▸ DIRECTIONS
For the listing below, the answer is an exact retyping of the lines from the one with "Hello everyone, in" through the one with "Now let's take", both included, without pictures.

▸ DATASET RECORDS
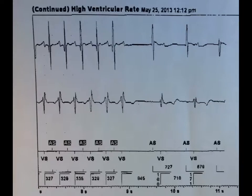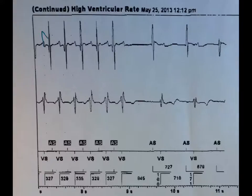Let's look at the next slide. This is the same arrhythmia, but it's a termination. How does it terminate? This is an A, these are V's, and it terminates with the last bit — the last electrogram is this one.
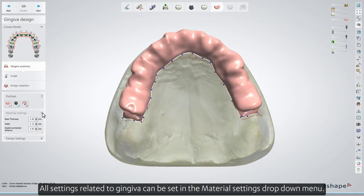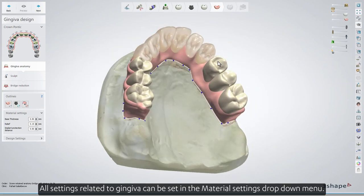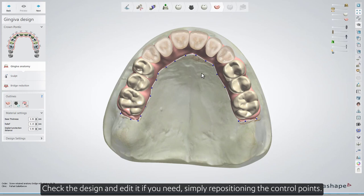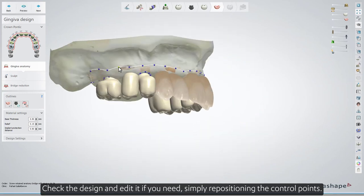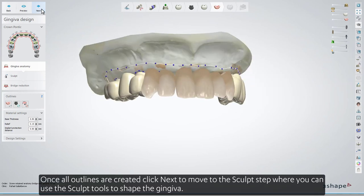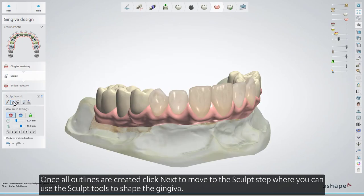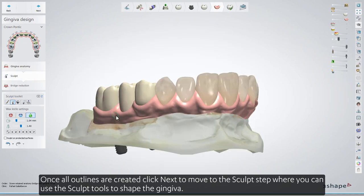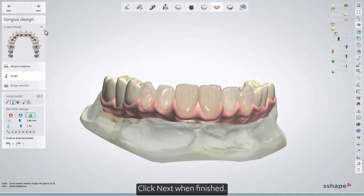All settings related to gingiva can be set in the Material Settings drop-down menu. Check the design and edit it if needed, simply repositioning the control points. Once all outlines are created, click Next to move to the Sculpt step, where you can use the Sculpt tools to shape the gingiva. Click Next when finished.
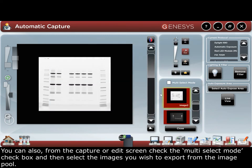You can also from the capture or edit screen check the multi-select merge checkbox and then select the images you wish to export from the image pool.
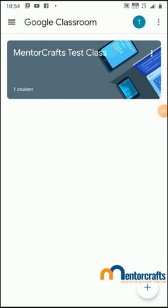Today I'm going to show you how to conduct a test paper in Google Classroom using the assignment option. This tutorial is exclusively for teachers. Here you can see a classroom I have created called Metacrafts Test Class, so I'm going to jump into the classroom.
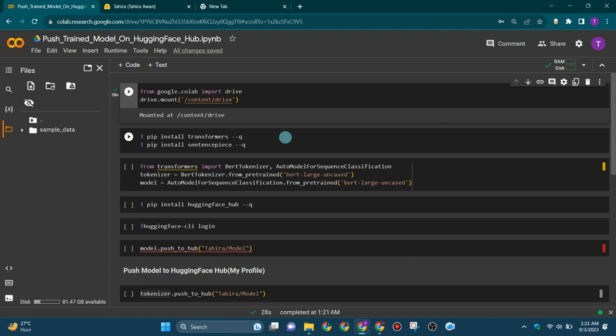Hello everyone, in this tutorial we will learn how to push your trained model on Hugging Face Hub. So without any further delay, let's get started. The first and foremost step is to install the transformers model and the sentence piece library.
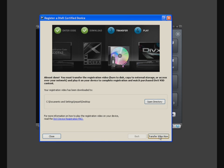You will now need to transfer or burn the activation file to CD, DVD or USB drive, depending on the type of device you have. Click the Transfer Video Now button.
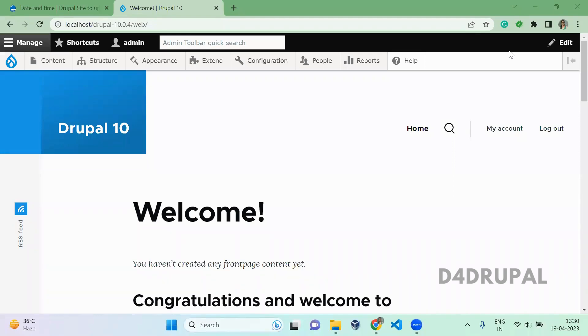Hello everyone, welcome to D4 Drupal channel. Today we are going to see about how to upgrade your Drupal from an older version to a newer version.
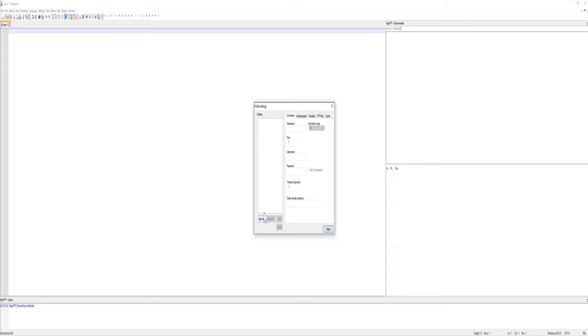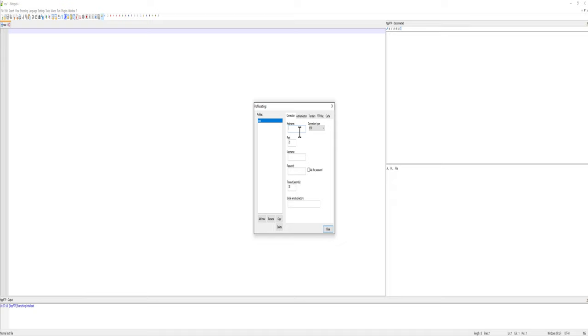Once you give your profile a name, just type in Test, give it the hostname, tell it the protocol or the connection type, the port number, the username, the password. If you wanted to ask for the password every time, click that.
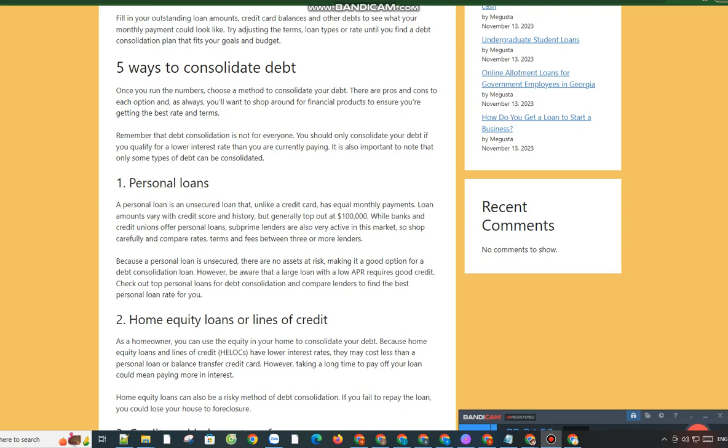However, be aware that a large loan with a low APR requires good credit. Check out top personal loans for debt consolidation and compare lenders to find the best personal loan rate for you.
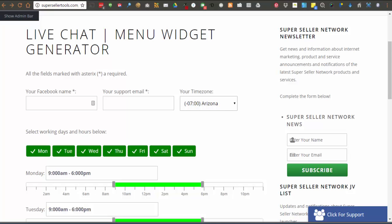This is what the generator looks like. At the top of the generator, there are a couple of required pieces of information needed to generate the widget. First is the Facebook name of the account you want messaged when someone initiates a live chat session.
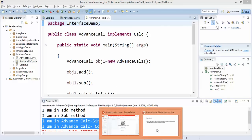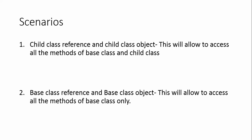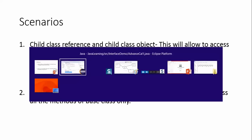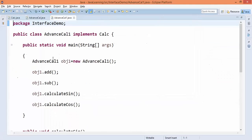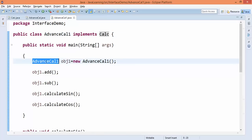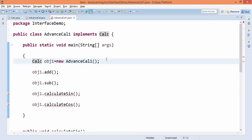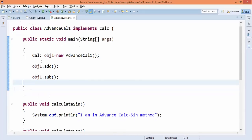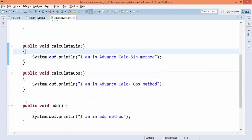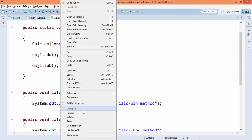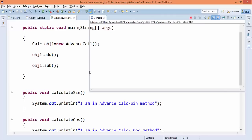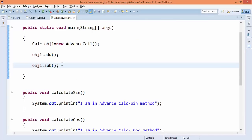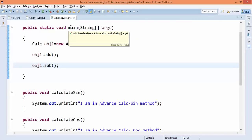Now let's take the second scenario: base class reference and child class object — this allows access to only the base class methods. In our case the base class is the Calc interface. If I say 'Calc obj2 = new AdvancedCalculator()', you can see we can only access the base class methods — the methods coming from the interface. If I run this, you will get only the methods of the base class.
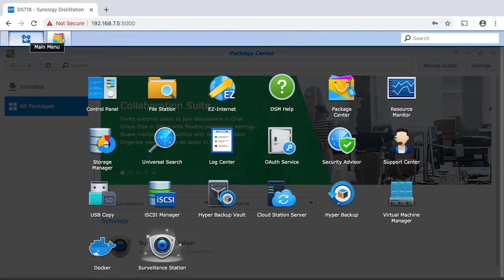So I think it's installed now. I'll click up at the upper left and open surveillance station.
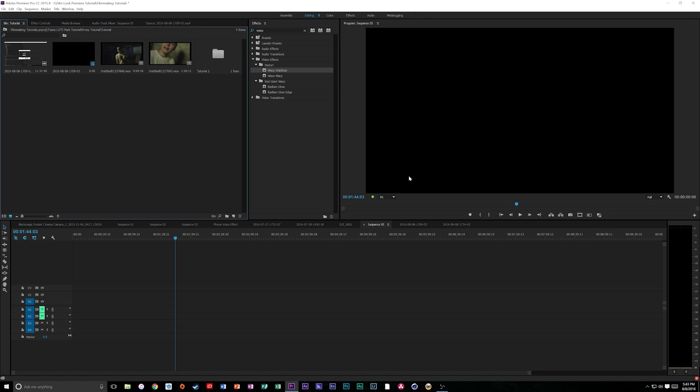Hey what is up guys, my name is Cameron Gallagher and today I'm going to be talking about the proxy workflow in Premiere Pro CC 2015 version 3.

...

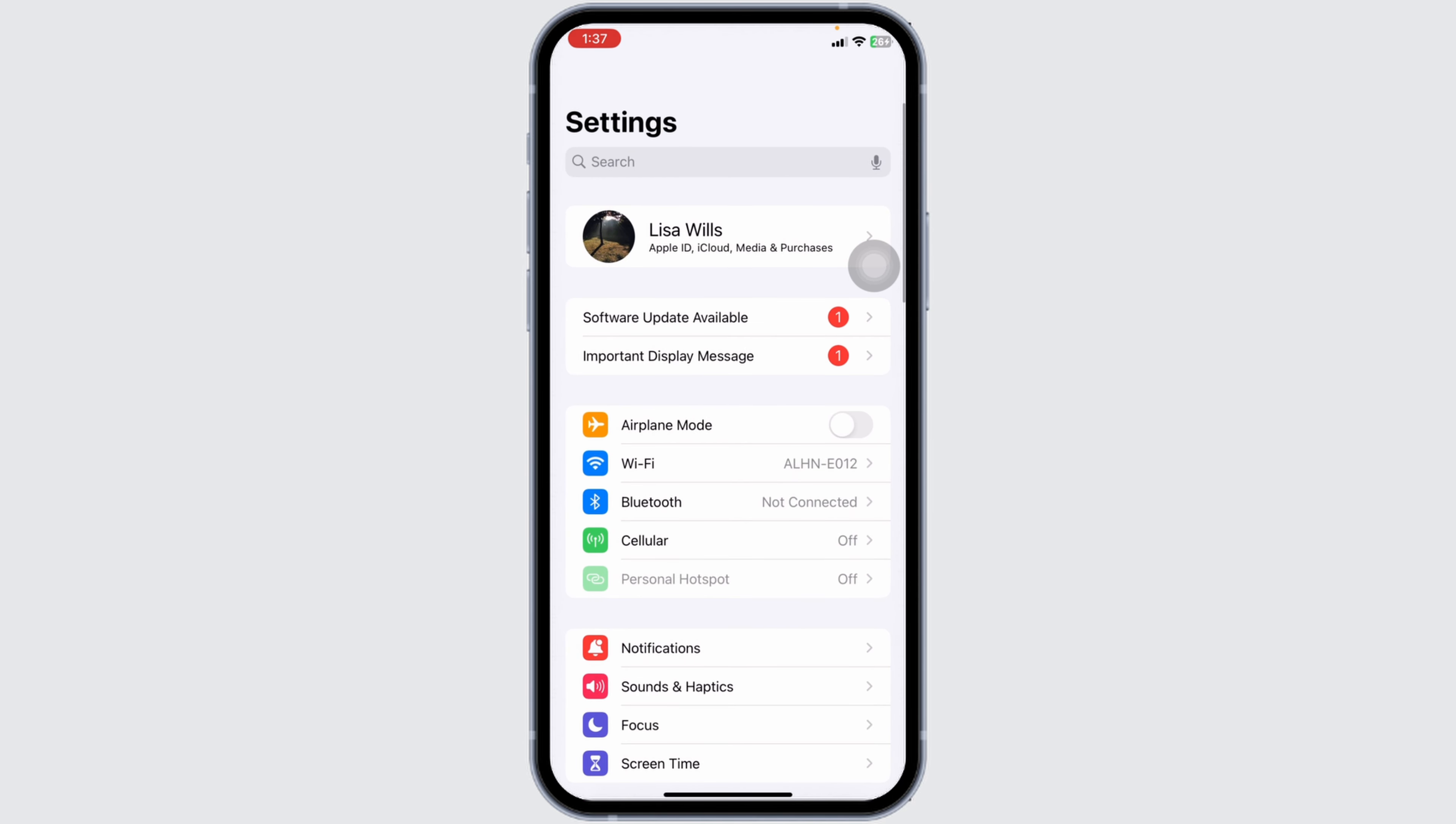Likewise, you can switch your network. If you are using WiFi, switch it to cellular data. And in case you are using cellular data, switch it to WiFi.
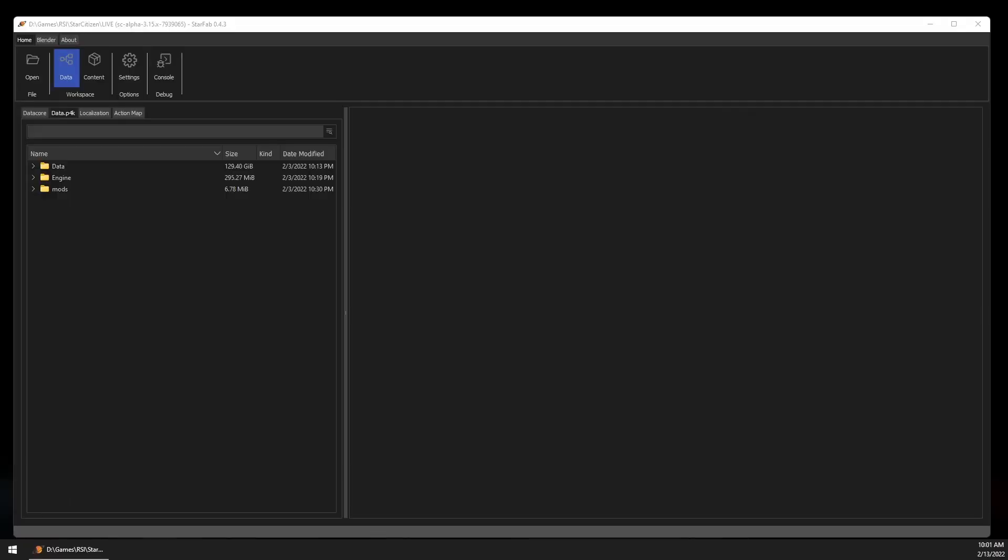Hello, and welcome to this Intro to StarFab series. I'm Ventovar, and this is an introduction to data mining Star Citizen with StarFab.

▸ ANSWER TO THIS EXERCISE
Hello everyone, in this tutorial we will learn how to push your trained model on Hugging Face Hub. So without any further delay, let's get started. The first and foremost step is to install the transformers model and the sentence piece library.
You will now need to transfer or burn the activation file to CD, DVD or USB drive, depending on the type of device you have. Click the Transfer Video Now button.
Hello everyone, welcome to D4 Drupal channel. Today we are going to see about how to upgrade your Drupal from an older version to a newer version.
Once you give your profile a name, just type in Test, give it the hostname, tell it the protocol or the connection type, the port number, the username, the password. If you wanted to ask for the password every time, click that.
However, be aware that a large loan with a low APR requires good credit. Check out top personal loans for debt consolidation and compare lenders to find the best personal loan rate for you.
This is what the generator looks like. At the top of the generator, there are a couple of required pieces of information needed to generate the widget. First is the Facebook name of the account you want messaged when someone initiates a live chat session.
Now let's take the second scenario: base class reference and child class object — this allows access to only the base class methods. In our case the base class is the Calc interface. If I say 'Calc obj2 = new AdvancedCalculator()', you can see we can only access the base class methods — the methods coming from the interface. If I run this, you will get only the methods of the base class.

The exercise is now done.